The United States economy added 1.37 million new jobs in August, fueling the expectation of a strong comeback. The biggest surprise came from the unemployment rate – it dropped to 8.4% on expectations of 9.8% and coming down from the previous 10.2%.
However, behind the positive headlines, some things deserve special attention. Among them, the number of people that lost jobs permanently and the core unemployment rate.
Permanent Job Loss Unemployment On the Rise
One of the biggest problems during the coronavirus pandemic came from the job market. How to keep people employed while many countries or states were in lockdown mode? The answer came from state-aid and thus, it was difficult to estimate the impact the crisis had on the jobs market.
In the United States, the thing that worries the most after the August NFP report is the number of permanent job losses.

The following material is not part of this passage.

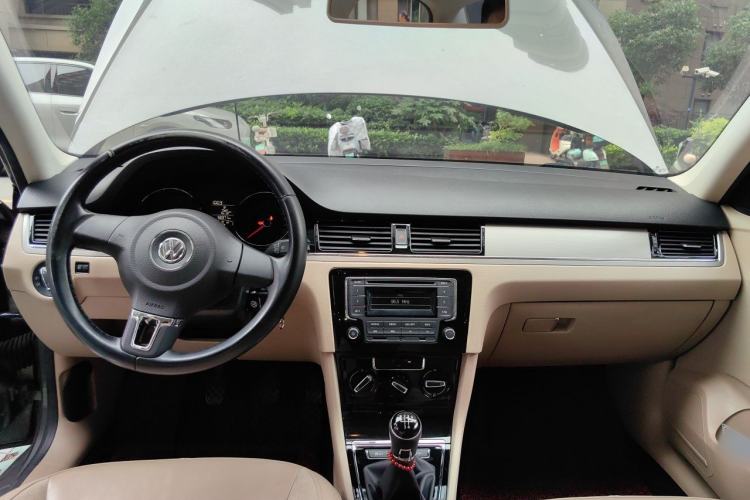 Used Volkswagen Bora 2014 1.6L Manual Comfort Model Center Console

It continues to rise since February, without even a sign that the trend might reverse anytime in the future. Until this trend changes, it is difficult to interpret any job data as positive.
Another thing coming to spoil the positive headline comes from the core unemployment rate. The core rate refers to the permanently unemployed and marginally attached while removing temporary unemployment. The rate came out at 5.8% in August, just shy from its June high.
Put it simply, it suggests that more unemployment is shifting from temporary to permanent. More precisely, the number of permanently unemployed jumped 19% in a single month, as August marks the first month since March, when less than half of unemployment is temporary.
The economic recession created by the coronavirus pandemic is unprecedented. Governments and central banks, took, as such, unprecedented measures.
Because of that, traditional indicators are distorted, and interpreting the correct data is vital to understanding the true nature of economic recovery, if any. Therefore, it is always wise to dig more into the economic releases because there is always something else behind the headline.
Sure, the drop in the unemployment rate is a welcome development. However if it is not accompanied by a drop in the core indicator too, the danger of a reversal is high.